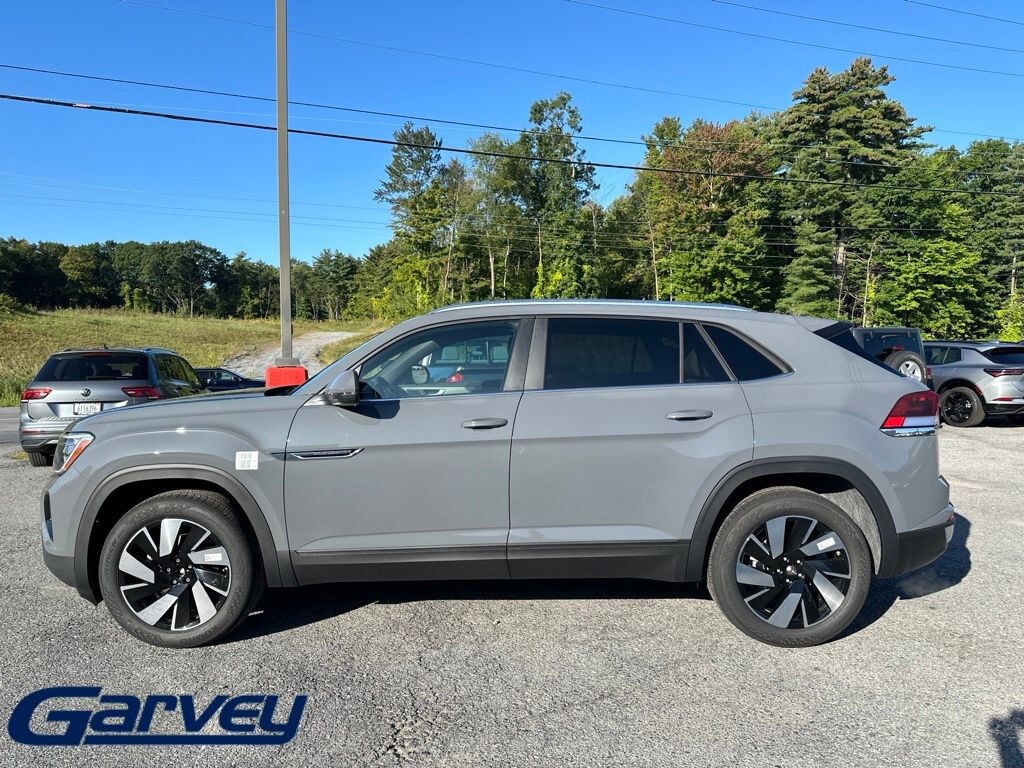 New 2026 Volkswagen Atlas Cross Sport SE w/Technology SUV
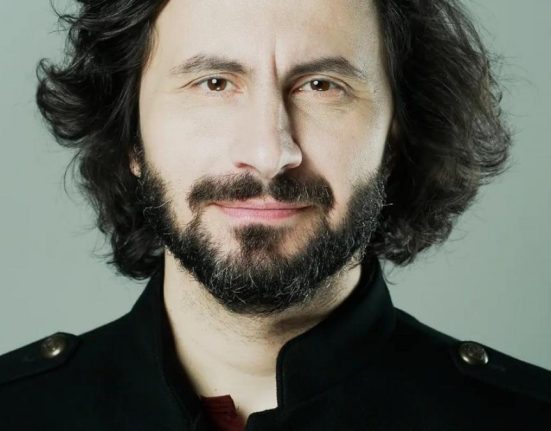 Scandal la Teatrul de Opereta Adi Nour concediat brusc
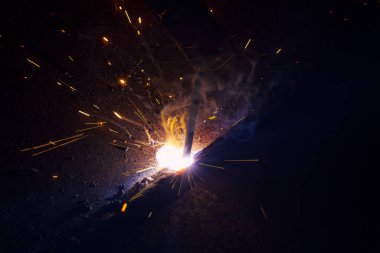 Siyah arkaplanda yanan maytap ile kıvılcımlar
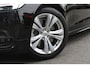 Volvo V90 B4 198PK Momentum Business | Adapt. Cruise | Trekhaak | Draadloze telefoonlader | Verw. Stoel & Stuurwiel | Leder |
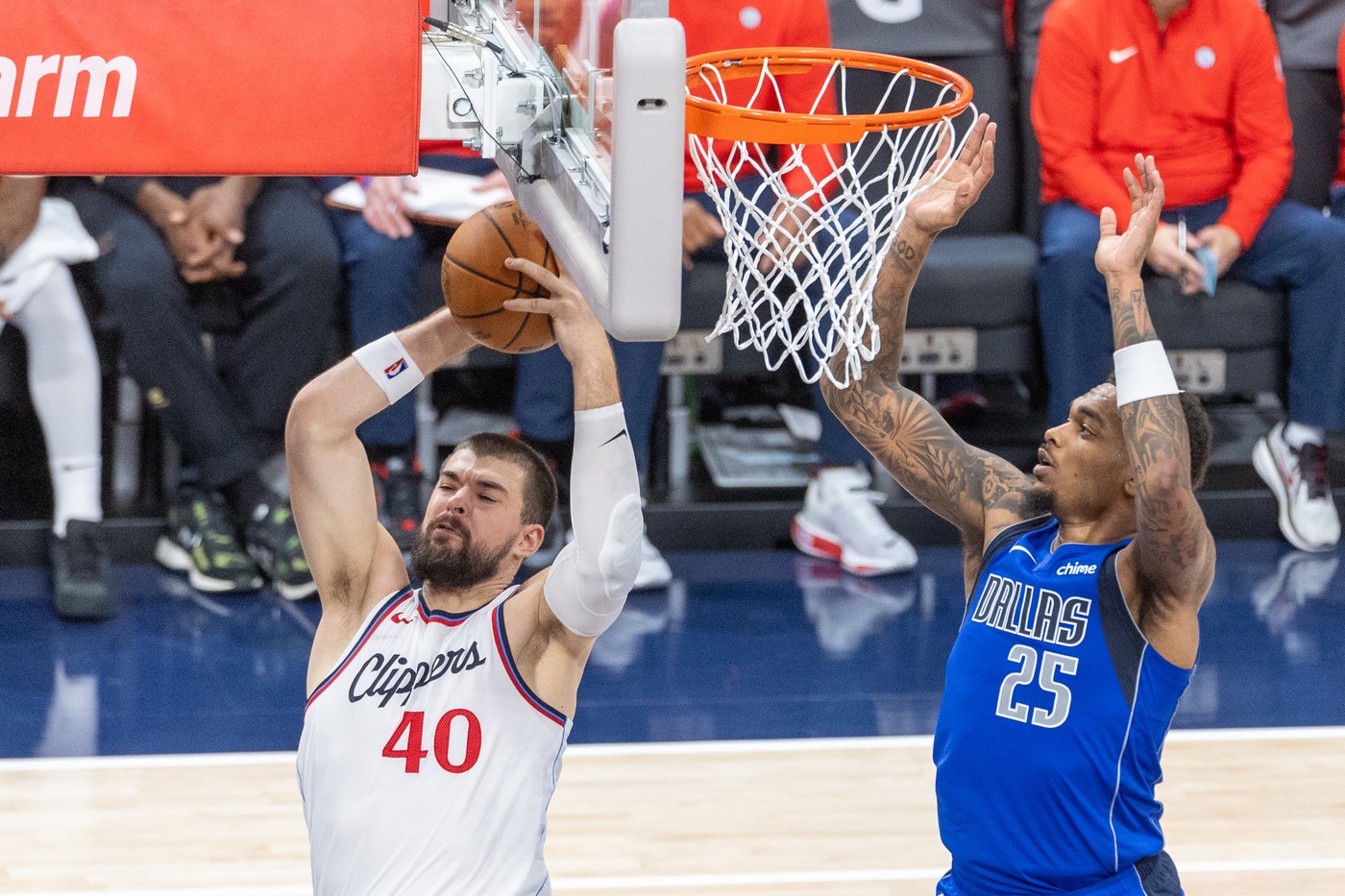 October 14, 2024, Inglewood, California, USA: Los Angeles Clippers' Ivica Zubac #40 grabs a rebound agents Dallas Mavericks' P.J. Washington Jr. #25 during an NBA preseason basketball game at Intuit Dome on Monday, Oct. 14, 2024 in Inglewood, California.,Image: 921219788, License: Rights-managed, Restrictions: , Model Release: no, Credit line: Ringo Chiu / Zuma Press / Profimedia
------------
_What is expected_
In full and without error, repeat the listing above, omitting its images.

_Response area_
 New 2026 Volkswagen Atlas Cross Sport SE w/Technology SUV
 Scandal la Teatrul de Opereta Adi Nour concediat brusc
 Siyah arkaplanda yanan maytap ile kıvılcımlar
 Volvo V90 B4 198PK Momentum Business | Adapt. Cruise | Trekhaak | Draadloze telefoonlader | Verw. Stoel & Stuurwiel | Leder |
 October 14, 2024, Inglewood, California, USA: Los Angeles Clippers' Ivica Zubac #40 grabs a rebound agents Dallas Mavericks' P.J. Washington Jr. #25 during an NBA preseason basketball game at Intuit Dome on Monday, Oct. 14, 2024 in Inglewood, California.,Image: 921219788, License: Rights-managed, Restrictions: , Model Release: no, Credit line: Ringo Chiu / Zuma Press / Profimedia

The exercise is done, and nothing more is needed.